I have the following model for a logistic regression where all predictors are following a ~N(0,1)
distribution:
with pm.Model(coords={"predictors":X_binary.columns.values}) as model_1:
X = pm.MutableData('X', X_train)
y = pm.MutableData('y', y_train)
constant = pm.Normal('constant', mu=-0.5, sigma=0.1)
beta = pm.Normal('beta', mu=0, sigma=1, dims="predictors")
score = pm.Deterministic('score', X@beta)
Now, for some given predictors, I would like to give them a ~N(1,0.5)
distribution.
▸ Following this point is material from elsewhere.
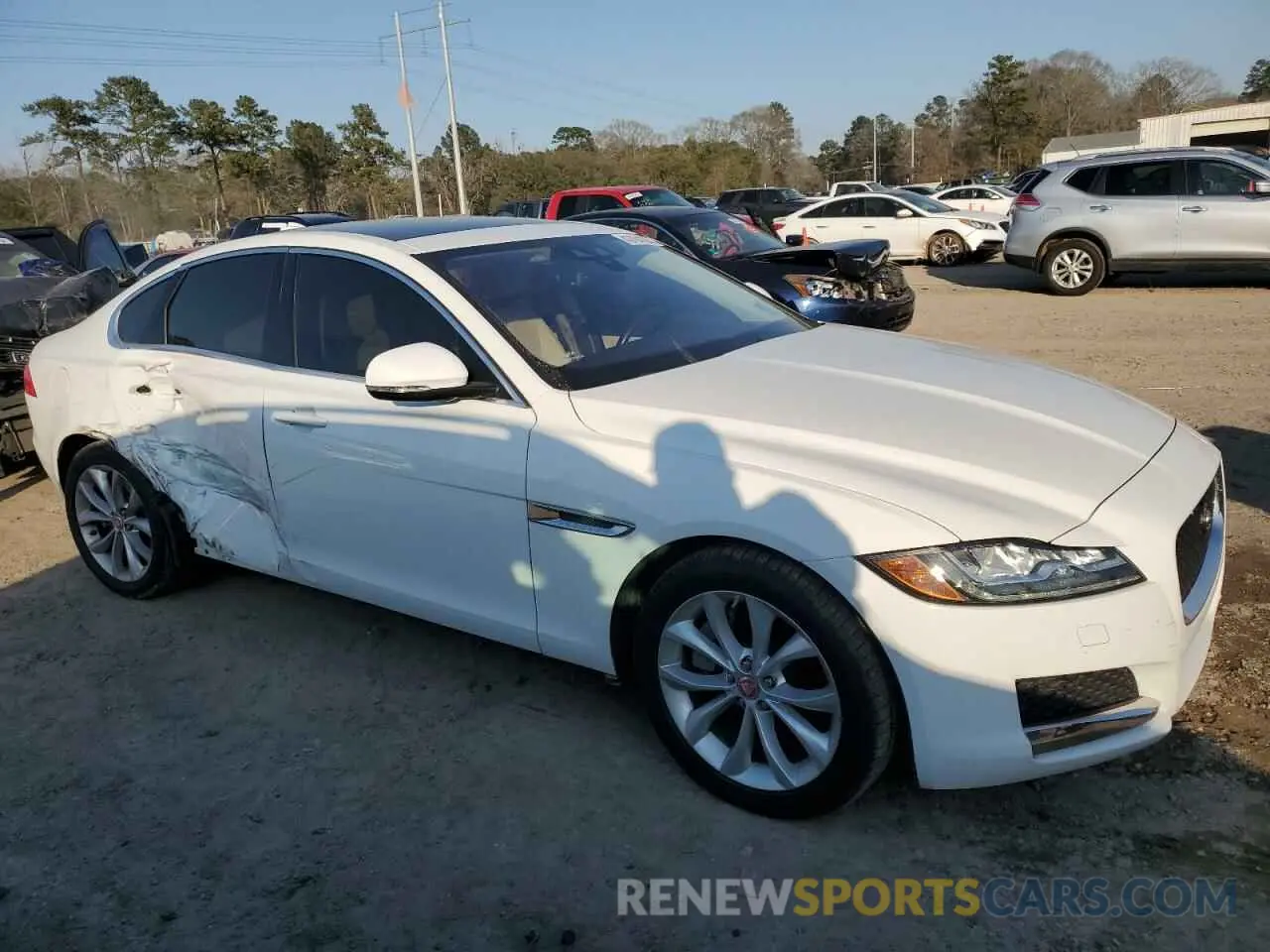 4 Фотография поврежденного автомобиля SAJBJ4FX4KCY81323 JAGUAR XF 2019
I tried the following:
list_of_bad = ['remove-update', 'invoke-ssidexfil','-payload']
list_of_normal = [pred for pred in X_binary.columns.values
if pred not in list_of_bad]
with pm.Model(coords={"normal_pred":list_of_normal, "bad_pred":list_of_bad}) as model_2:
X = pm.MutableData('X', X_train)
y = pm.MutableData('y', y_train)
constant = pm.Normal('constant', mu=-0.5, sigma=0.1)
beta_normal = pm.Normal('beta_normal', mu=0, sigma=1, dims='normal_pred')
beta_bad = pm.Normal('beta_bad', mu=1, sigma=0.5, dims='bad_pred')
beta = pm.math.concatenate([beta_normal,beta_bad])
score = pm.Deterministic('score', X@beta)
But that didn’t seem to work, I get a wacky result. It could be because concatenating will change the order of my features and they won’t coincide with the order in X
anymore…? But I’m not sure…
Thanks in advance!